WORK ORDER:
Each line below must be reproduced exactly as it stands. Pictures stay out of the copy.

COLLECTED MATERIAL:
╭──
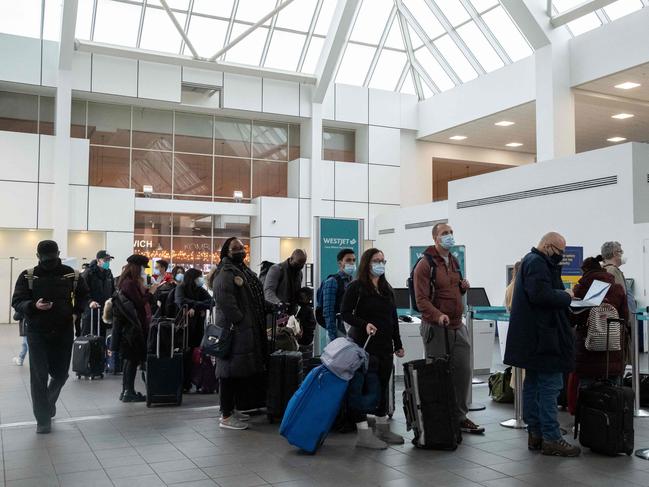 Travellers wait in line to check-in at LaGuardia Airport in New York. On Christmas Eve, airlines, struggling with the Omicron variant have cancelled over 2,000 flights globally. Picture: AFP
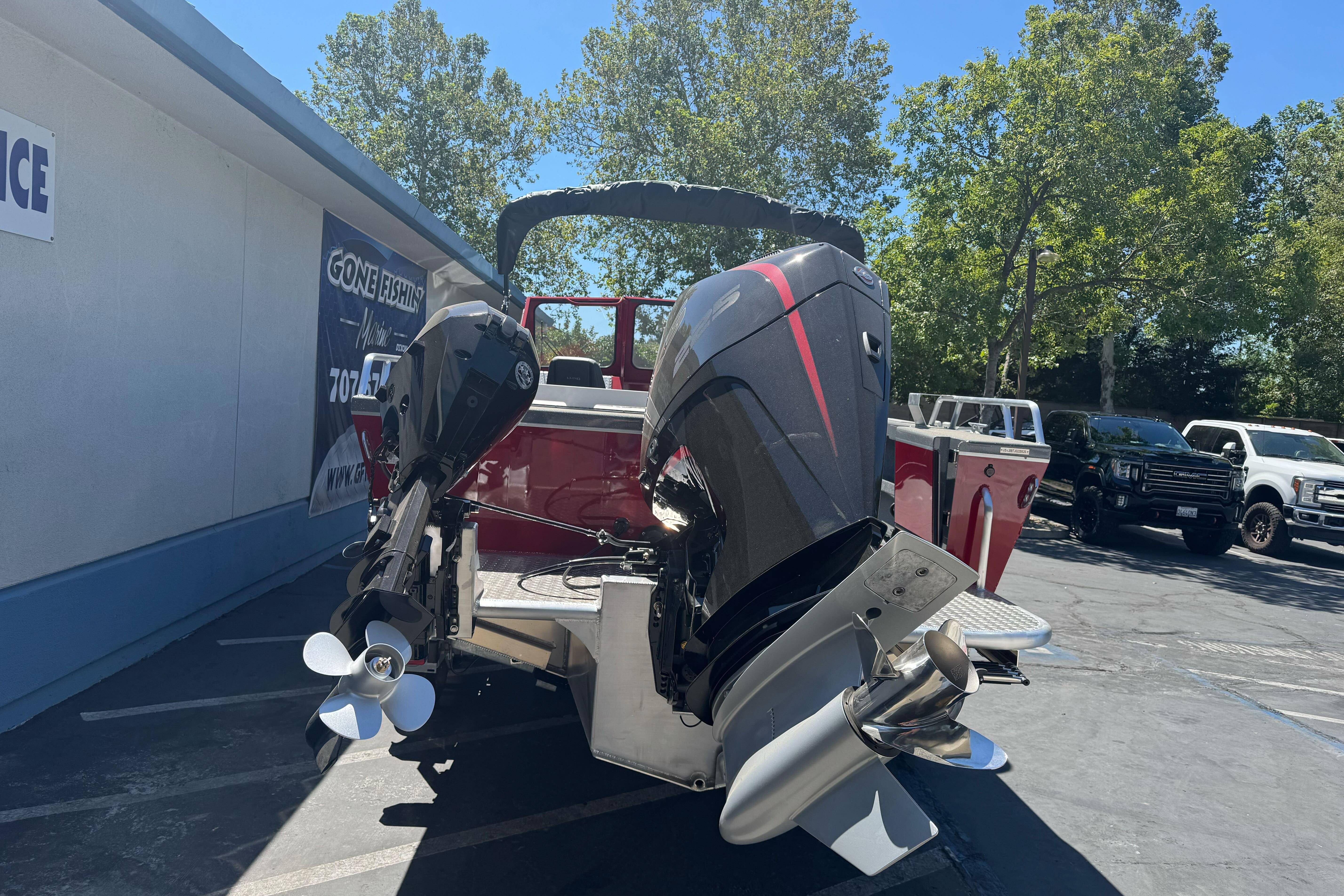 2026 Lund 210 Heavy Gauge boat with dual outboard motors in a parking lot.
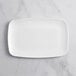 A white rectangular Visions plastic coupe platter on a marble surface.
╰──
TASK RESULT:
 Travellers wait in line to check-in at LaGuardia Airport in New York. On Christmas Eve, airlines, struggling with the Omicron variant have cancelled over 2,000 flights globally. Picture: AFP
 2026 Lund 210 Heavy Gauge boat with dual outboard motors in a parking lot.
 A white rectangular Visions plastic coupe platter on a marble surface.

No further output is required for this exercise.